- Born: 1992 (age 33–34)
- Education: Delaware College of Art and Design Pratt Institute (BFA, 2014)
- Occupation: Visual artist

= Theresa Chromati =

American painter (born 1992)

Theresa Chromati (born 1992) is an American visual artist of Guyanese descent, whose primary medias are painting and collage. She is from Baltimore, Maryland, and lives in Brooklyn, New York.

== Background and career ==
Theresa Chromati, who was born in 1992, grew up in East Baltimore. She attended Wilmington's Delaware College of Art and Design, and holds a bachelor of fine arts degree in graphic design from Pratt Institute (2014), New York, where she currently lives. Her parents nurtured a creative environment at home, and hand-painted birds in the family car themselves.

=== Artistic practice ===
Through an abstract figurative approach to painting and collage, Chromati comments on Black femininity and womanhood as key subjects for her artistry. In her work she combines using acrylic paint with industrial materials such as glitter and vinyl, in addition to organic materials such as silk, cotton and bandanas that evoke Western African textiles and patterns. Among her themes, her artworks elaborate on issues of self-representation, and female objectification in the digital world, particularly in the Me Too era. Chromati was selected by visual artist Mickalene Thomas for her curatorial project Mickalene Thomas: A Moment's Pleasure, at the Baltimore Museum of Art, the exhibition was on view between 2019 and 2022.

Her work has been featured in Vogue magazine, Architectural Digest, and the New York Times Magazine.
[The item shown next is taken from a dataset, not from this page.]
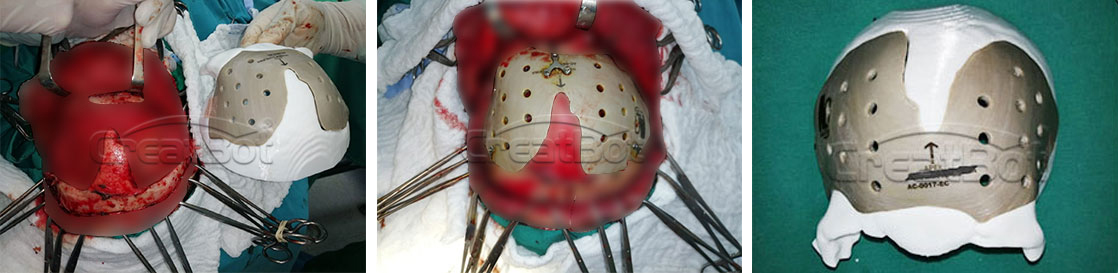Cranium_01.jpg Cranium_01.jpg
=== Critical reception ===
In an essay for the Studio Museum in Harlem's magazine, art critic Eric Booker comments on Chromati's practice. "Through her genre-bending practice, Chromati's protagonists refuse to be one-dimensional. Their potential is too vibrant to be traditionally understood. Her work is an act of love and defiance."

== Exhibitions ==

=== Solo shows ===
- 2023 Theresa Chromati: A Living Record ( Her Arrival Was Once Steps Taken), Jessica Silverman Gallery, San Francisco
- 2022 Interlude in Crusted Wounds, Veta Galeria, Madrid, Spain
- 2020 Stepping Out To Step In, The Delaware Contemporary, Wilmington
- 2019 Running in Place and Sometimes Walking: At Times I Feel Loved and Paralyzed, Kravets Wehby Gallery, New York, NY

== Collections ==
Chromati's work has been incorporated in notable museum and academic collections around the Americas such as

- The bull is out and my foot is in my mouth (are we staying or leaving)?, 2019. Pérez Art Museum Miami, Florida
- tearing me apart, so much so that I become beautiful ( woman exploring a smile ), 2019. Nasher Museum of Art at Duke University, North Carolina
- Stepping Towards My Darkest Bits to Hear a Familiar Song. The Words Have Changed, But the Melody Caresses Me All the Same (Woman Led by Her Intuition, Supported by Scrotum Flowers), 2020. Baltimore Museum of Art, Maryland

== Awards ==
In 2020, Chromati was commissioned to paint the facade of The Delaware Contemporary in commemoration of the 100th anniversary of the women's suffrage in America. Although scheduled for June 5 of that year, the public art project had its opening celebrated with a public "drive-thru" on June 19 in support of the Black Lives Matter movement, and anti-police brutality protests taking place all over the country in the summer months of 2020.